Collected data entries
┄┄┄┄┄┄┄┄┄┄

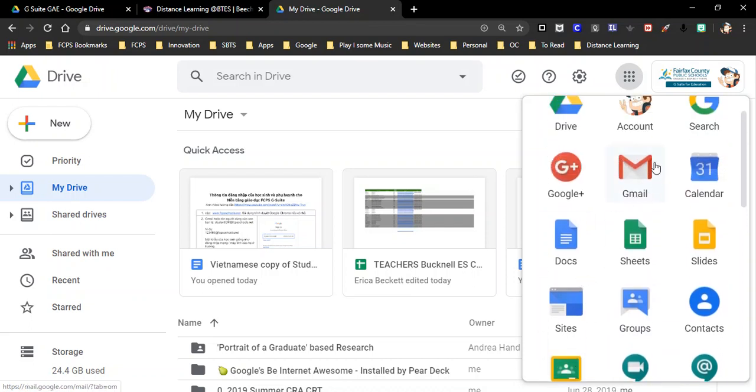Here is the location of where a student can get their Google Gmail for the purpose of finding their Blackboard Collaborate link to their teacher's face-to-face virtual classroom.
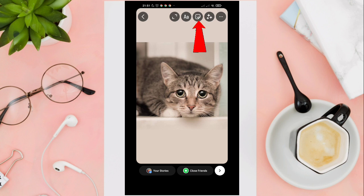So now, click on this icon here at the top corner of your screen.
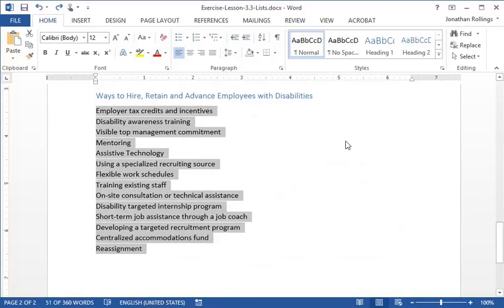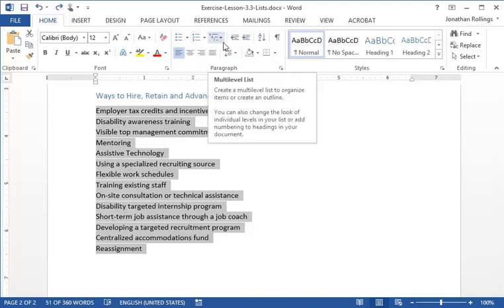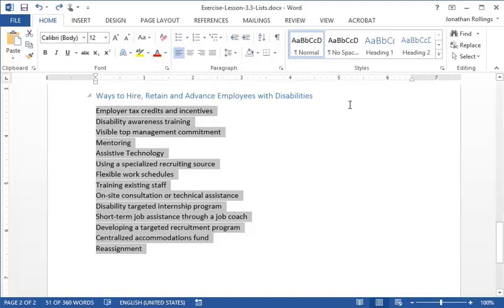There are three options in the Paragraph group on the Home tab: Bullets, Numbering, and Multi-Level. These options apply different list styles. Since the list we're going to modify is an unordered list that's only one level, we'll choose the Bullets option.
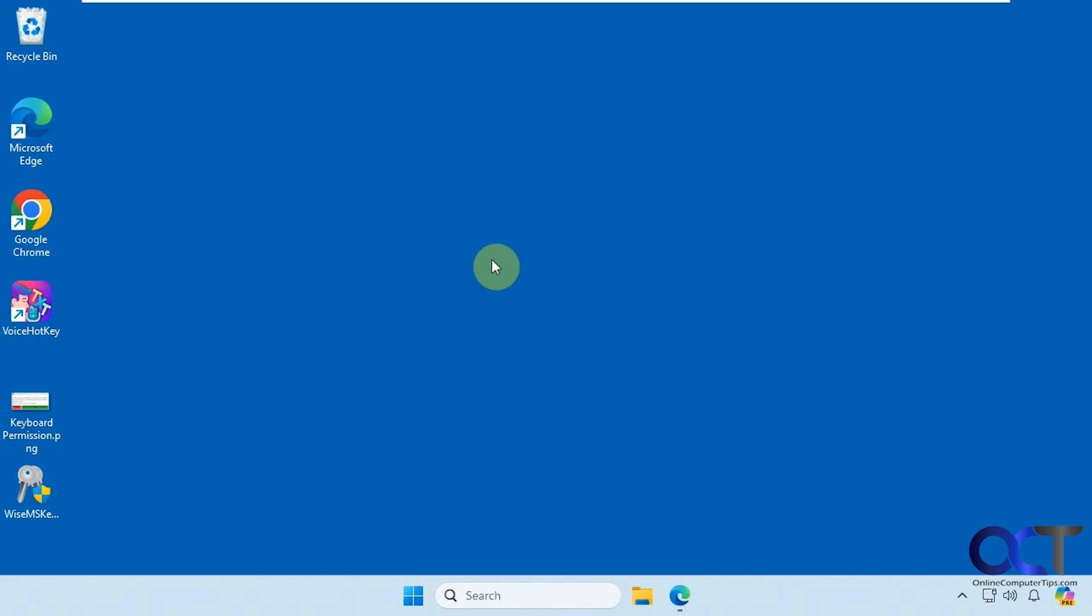But either way, you could still use this to find your key. All you need to do is download the file. It's called WISE Windows Key Finder. It's just an executable, nothing to install.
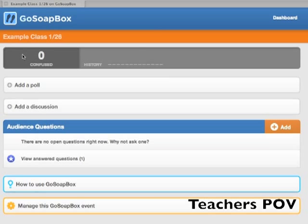At the top of this page you'll see the graph that will show you the number of confused students at all times.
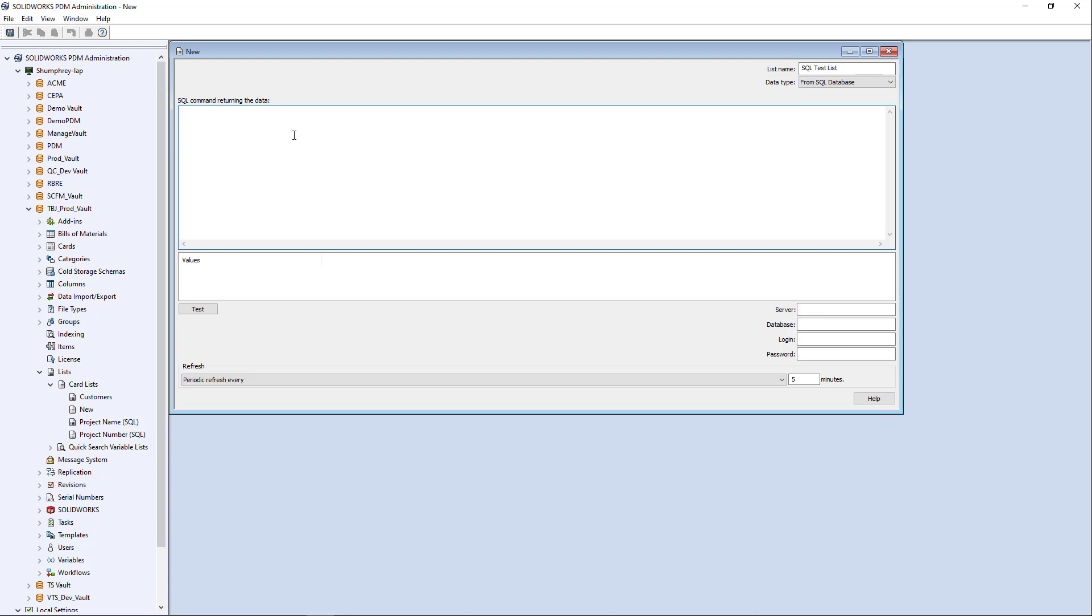So here in this section is where you would write the actual SQL command, the query command. And again, I'm not going to go into detail on how to write SQL queries or commands because there's loads of information on the internet and on our website on how to write basic SQL queries.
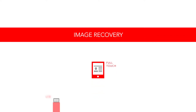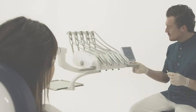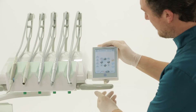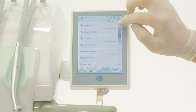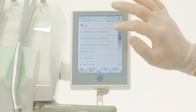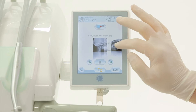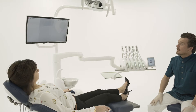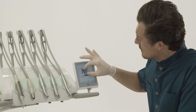The image log of every patient can be retrieved instantly. With a USB flash drive, the available images are displayed automatically. With a single click, the same image can be viewed simultaneously on the integrated monitor.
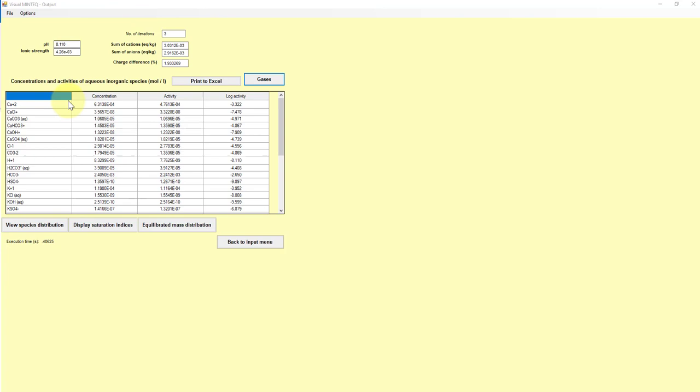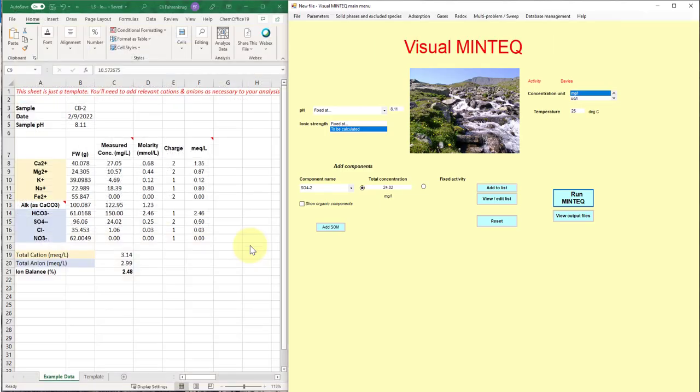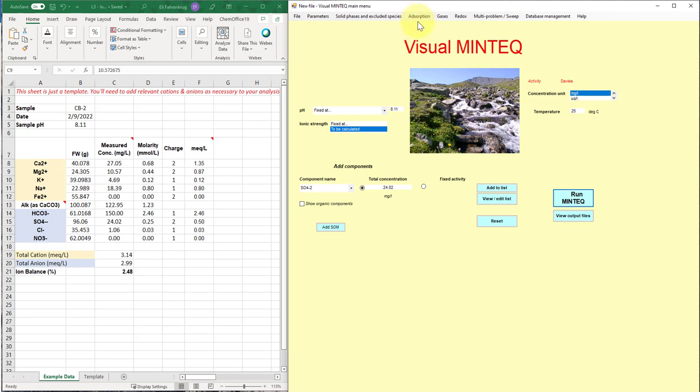Okay, so that's where we're going to leave it. Of course, there's lots more information that this software can provide for you. So I encourage you to play around with it. There's a lot of more advanced models for speciating based on redox. So looking across oxidation states for systems and also modeling sorption or different gases in the atmosphere. So there's a lot of possibility with this software, but for ion balance, this is what we'll use it for.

┄┄┄┄┄┄┄┄┄┄

Repeat only the stretch of data above that runs from the line with "So now, click" to the line with "There are three". Keep both end lines; exclude pictures.

So now, click on this icon here at the top corner of your screen.
There are three options in the Paragraph group on the Home tab: Bullets, Numbering, and Multi-Level. These options apply different list styles. Since the list we're going to modify is an unordered list that's only one level, we'll choose the Bullets option.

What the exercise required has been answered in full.